== Aim of the exercise ==
Reproduce all of the data below without alteration; exclude every picture.
•••••
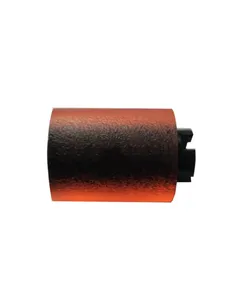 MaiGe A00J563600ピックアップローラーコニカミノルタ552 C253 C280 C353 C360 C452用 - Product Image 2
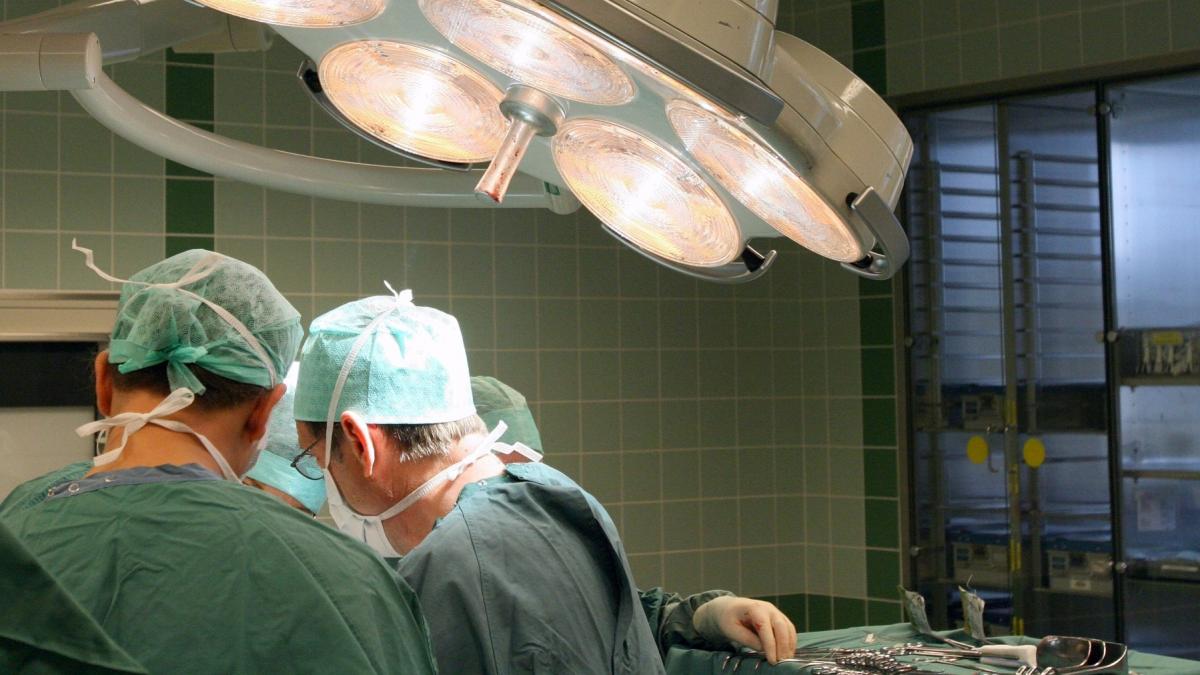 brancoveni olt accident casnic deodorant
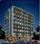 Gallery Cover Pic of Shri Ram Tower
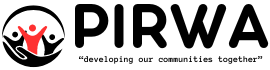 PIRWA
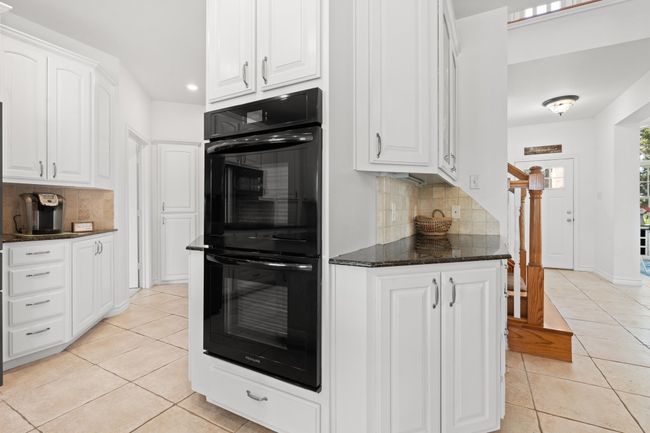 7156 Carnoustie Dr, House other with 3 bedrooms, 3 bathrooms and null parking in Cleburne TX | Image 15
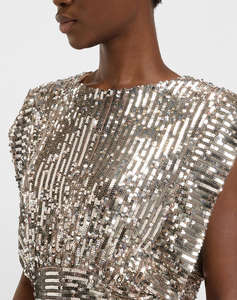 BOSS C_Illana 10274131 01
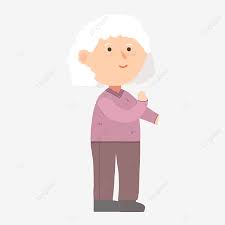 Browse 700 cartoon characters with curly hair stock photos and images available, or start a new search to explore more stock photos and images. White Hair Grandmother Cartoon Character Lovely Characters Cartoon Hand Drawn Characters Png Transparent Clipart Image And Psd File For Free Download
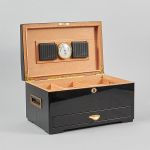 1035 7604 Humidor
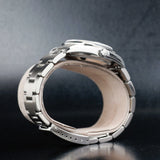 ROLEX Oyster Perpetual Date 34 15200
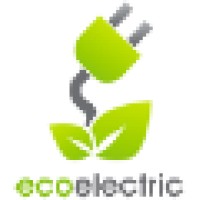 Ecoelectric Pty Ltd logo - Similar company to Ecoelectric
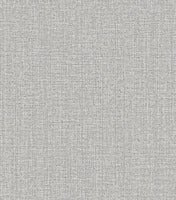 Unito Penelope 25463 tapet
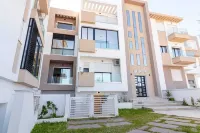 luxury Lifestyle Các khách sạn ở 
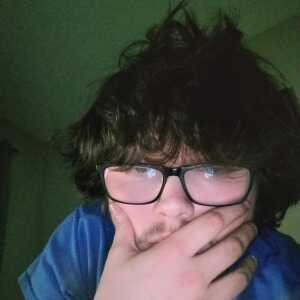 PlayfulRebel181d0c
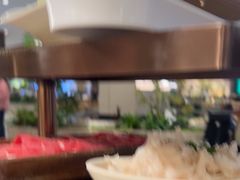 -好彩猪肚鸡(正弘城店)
•••••
== Answer ==
 MaiGe A00J563600ピックアップローラーコニカミノルタ552 C253 C280 C353 C360 C452用 - Product Image 2
 brancoveni olt accident casnic deodorant
 Gallery Cover Pic of Shri Ram Tower
 PIRWA
 7156 Carnoustie Dr, House other with 3 bedrooms, 3 bathrooms and null parking in Cleburne TX | Image 15
 BOSS C_Illana 10274131 01
 Browse 700 cartoon characters with curly hair stock photos and images available, or start a new search to explore more stock photos and images. White Hair Grandmother Cartoon Character Lovely Characters Cartoon Hand Drawn Characters Png Transparent Clipart Image And Psd File For Free Download
 1035 7604 Humidor
 ROLEX Oyster Perpetual Date 34 15200
 Ecoelectric Pty Ltd logo - Similar company to Ecoelectric
 Unito Penelope 25463 tapet
 luxury Lifestyle Các khách sạn ở 
 PlayfulRebel181d0c
 -好彩猪肚鸡(正弘城店)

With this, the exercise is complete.